UK Politics

Comedian Jimmy Carr: I've made terrible error over tax

Jimmy Carr
Image caption Jimmy Carr: No longer involved in the tax scheme

Comedian Jimmy Carr says he has "made a terrible error of judgement" over using a tax avoidance scheme.

In a statement on his Twitter account, Mr Carr said he was no longer involved in the K2 tax shelter.

Prime Minister David Cameron on Wednesday called Mr Carr's use of the scheme "morally wrong".

But the PM refused to comment on Take That star Gary Barlow's tax affairs - saying it was a different case - after Labour called for his OBE to removed.

The K2 tax scheme used by Mr Carr is a way of lowering the amount of tax paid. It is legal and Mr Carr made clear in his statement it was fully disclosed to HMRC.

In a series of messages on Twitter Mr Carr said: "I appreciate as a comedian, people will expect me to 'make light' of this situation, but I'm not going to in this statement.

"As this is obviously a serious matter. I met with a financial advisor and he said to me 'Do you want to pay less tax? It's totally legal'. I said 'Yes'."

"I now realise I've made a terrible error of judgement.

"Although I've been advised the K2 Tax scheme is entirely legal, and has been fully disclosed to HMRC (Her Majesty's Revenue and Customs).

"I'm no longer involved in it and will in future conduct my financial affairs much more responsibly. Apologies to everyone.
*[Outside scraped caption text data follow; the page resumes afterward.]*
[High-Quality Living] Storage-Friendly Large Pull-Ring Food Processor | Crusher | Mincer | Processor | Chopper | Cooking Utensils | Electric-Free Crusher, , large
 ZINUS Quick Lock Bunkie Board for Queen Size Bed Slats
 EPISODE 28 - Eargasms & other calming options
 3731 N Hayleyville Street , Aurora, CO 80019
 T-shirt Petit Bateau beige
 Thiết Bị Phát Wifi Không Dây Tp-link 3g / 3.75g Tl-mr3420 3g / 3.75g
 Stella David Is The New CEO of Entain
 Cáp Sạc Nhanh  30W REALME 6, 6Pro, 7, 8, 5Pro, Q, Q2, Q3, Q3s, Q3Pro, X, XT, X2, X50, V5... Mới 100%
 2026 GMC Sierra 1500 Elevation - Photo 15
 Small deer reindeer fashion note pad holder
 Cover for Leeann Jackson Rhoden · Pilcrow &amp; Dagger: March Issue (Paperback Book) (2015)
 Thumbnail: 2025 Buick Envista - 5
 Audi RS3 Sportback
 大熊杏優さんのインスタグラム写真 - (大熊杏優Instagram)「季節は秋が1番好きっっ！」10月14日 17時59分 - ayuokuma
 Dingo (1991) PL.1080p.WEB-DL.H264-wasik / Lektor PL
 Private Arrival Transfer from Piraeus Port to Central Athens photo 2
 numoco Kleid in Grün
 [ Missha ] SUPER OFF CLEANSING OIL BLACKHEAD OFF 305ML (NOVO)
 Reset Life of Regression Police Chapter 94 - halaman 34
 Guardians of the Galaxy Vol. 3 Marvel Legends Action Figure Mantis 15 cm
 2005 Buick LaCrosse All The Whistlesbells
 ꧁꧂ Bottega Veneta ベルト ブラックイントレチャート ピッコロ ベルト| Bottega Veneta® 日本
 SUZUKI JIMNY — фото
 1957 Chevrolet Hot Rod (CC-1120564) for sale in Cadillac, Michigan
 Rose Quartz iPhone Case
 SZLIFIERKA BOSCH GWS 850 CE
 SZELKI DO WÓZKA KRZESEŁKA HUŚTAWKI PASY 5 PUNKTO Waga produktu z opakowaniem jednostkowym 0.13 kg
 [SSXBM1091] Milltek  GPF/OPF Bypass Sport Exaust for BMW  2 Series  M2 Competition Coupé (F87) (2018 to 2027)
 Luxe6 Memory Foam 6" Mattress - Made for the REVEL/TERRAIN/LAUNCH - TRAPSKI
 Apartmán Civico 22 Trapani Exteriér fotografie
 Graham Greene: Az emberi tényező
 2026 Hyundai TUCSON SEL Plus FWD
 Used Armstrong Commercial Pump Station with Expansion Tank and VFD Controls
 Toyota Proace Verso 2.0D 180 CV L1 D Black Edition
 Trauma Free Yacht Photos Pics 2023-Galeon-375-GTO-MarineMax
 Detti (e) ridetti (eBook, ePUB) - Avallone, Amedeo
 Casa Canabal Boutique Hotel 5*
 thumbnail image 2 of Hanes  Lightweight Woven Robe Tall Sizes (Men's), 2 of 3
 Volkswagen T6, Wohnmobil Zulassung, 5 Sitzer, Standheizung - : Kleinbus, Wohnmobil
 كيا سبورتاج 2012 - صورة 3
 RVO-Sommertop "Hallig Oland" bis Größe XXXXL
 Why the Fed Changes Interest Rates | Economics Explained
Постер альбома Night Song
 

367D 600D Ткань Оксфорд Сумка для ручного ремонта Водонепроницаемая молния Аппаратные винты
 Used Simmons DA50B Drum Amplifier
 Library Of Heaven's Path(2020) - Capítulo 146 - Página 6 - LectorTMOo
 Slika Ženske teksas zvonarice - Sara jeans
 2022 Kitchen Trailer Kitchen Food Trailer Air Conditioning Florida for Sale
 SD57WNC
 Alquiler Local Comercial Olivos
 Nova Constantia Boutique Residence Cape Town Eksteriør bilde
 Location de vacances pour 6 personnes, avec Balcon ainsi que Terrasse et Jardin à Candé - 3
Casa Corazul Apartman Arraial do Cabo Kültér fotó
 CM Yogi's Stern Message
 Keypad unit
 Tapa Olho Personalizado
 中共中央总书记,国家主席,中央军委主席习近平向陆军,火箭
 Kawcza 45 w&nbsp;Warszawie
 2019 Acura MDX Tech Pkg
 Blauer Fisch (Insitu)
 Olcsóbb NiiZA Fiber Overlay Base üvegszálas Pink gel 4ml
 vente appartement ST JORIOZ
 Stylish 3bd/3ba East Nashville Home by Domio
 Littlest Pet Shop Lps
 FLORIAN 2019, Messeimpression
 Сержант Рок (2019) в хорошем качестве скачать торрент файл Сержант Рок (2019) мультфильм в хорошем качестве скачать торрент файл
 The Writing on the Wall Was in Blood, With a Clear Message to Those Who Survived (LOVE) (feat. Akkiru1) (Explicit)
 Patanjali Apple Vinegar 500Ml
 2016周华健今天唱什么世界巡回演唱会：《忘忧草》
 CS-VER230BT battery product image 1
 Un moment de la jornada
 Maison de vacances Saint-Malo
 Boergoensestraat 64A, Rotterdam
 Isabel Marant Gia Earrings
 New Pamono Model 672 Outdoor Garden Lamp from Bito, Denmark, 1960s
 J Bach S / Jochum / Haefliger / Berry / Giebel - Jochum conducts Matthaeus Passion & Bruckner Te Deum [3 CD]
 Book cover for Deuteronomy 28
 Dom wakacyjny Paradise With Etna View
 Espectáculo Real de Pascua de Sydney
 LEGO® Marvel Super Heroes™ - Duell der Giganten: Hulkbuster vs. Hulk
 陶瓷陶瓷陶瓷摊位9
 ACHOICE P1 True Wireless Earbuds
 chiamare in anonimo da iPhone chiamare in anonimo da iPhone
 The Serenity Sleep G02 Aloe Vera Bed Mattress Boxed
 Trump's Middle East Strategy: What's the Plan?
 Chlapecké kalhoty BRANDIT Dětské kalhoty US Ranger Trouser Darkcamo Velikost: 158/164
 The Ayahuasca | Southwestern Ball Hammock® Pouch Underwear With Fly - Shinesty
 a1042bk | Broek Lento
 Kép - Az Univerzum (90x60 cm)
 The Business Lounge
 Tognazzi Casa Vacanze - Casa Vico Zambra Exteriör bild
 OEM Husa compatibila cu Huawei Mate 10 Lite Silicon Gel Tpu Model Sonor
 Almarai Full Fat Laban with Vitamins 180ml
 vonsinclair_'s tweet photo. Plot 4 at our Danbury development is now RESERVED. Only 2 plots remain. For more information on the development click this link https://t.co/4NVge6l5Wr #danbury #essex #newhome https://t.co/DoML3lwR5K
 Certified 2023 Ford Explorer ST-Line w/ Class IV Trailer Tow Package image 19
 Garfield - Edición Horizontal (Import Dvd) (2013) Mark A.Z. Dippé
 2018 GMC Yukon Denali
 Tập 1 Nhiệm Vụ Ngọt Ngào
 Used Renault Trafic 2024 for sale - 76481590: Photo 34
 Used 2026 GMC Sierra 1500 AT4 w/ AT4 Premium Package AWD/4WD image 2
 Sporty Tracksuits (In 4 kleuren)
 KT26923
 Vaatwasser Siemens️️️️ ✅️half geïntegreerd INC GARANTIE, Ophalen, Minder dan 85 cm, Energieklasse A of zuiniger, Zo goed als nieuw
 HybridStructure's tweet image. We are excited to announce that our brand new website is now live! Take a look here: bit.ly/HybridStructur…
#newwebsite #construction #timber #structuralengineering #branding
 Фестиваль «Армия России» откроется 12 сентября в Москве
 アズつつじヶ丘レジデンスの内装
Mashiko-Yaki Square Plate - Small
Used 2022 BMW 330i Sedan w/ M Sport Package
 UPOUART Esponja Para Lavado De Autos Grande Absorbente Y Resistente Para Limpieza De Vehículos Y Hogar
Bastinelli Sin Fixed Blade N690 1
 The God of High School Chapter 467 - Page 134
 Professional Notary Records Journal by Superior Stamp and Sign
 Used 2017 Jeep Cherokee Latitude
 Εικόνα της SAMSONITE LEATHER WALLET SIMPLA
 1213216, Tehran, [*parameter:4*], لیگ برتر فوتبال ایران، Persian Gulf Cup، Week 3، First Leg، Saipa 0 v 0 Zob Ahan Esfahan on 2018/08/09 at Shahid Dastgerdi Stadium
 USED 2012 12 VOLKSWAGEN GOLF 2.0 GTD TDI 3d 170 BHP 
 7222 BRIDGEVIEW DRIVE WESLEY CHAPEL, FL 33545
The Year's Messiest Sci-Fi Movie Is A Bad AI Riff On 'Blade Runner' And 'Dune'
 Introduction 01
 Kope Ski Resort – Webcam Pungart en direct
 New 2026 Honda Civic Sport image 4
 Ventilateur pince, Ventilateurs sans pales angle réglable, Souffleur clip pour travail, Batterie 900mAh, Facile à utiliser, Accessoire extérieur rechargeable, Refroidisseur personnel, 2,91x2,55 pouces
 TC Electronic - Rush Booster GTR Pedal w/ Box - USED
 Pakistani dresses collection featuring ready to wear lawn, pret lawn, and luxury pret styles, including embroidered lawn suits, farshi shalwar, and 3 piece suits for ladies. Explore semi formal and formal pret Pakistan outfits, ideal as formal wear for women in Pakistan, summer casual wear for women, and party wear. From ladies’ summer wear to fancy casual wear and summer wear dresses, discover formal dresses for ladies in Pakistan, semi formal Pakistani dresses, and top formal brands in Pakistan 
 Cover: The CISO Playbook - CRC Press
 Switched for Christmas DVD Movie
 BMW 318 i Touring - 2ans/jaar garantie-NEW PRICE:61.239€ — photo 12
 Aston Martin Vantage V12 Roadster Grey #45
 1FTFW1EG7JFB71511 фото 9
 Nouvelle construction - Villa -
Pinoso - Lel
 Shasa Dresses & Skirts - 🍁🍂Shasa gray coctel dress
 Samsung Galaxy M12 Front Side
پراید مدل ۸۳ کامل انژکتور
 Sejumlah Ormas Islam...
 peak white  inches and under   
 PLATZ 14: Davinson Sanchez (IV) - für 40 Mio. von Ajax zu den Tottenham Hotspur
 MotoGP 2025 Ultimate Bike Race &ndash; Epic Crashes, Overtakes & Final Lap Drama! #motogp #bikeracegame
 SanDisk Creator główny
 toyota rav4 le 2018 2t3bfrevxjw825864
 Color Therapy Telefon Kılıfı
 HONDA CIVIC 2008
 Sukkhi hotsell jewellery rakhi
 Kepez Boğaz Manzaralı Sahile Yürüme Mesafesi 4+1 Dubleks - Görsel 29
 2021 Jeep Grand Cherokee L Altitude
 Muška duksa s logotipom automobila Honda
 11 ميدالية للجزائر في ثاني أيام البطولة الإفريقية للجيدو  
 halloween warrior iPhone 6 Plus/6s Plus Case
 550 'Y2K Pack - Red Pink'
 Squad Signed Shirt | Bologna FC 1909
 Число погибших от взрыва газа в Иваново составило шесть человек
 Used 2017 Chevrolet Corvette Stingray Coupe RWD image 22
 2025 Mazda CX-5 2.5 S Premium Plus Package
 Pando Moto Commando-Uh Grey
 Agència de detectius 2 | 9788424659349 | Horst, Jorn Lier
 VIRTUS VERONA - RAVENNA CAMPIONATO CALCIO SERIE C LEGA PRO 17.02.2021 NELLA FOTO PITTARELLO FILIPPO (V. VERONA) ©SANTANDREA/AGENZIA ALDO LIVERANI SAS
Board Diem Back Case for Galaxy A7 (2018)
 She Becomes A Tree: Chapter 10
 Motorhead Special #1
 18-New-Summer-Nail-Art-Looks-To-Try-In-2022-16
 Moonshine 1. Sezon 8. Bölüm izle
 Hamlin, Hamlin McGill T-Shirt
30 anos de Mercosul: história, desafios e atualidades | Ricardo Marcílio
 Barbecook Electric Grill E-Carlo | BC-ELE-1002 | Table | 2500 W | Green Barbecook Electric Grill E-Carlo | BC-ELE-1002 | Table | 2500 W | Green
Jimmy Carr."

More than 1,000 people, including Mr Carr, are thought to be using the Jersey-based K2 scheme, which is said to be sheltering £168m a year from the Treasury.

Under the K2 scheme, an individual resigns from their company and any salary they subsequently receive is paid to an offshore trust.

Downing Street welcomed Mr Carr's apology.

A spokeswoman said: "HMRC are working hard to investigate the sort of scheme that Jimmy Carr had been reported to be involved in to ensure that they are not aggressively avoiding tax, and, if they are, they are closed down."

She defended Mr Cameron's decision to speak out about an individual's tax affairs - in contravention of normal government practice.

"The prime minister was expressing what probably lots of people felt after reading the coverage," she said.

Business Secretary Vince Cable also backed the prime minister, telling BBC Radio Sheffield he was not prepared to go "through a hit-list of our celebrities" but adding: "We just want people to pay their dues."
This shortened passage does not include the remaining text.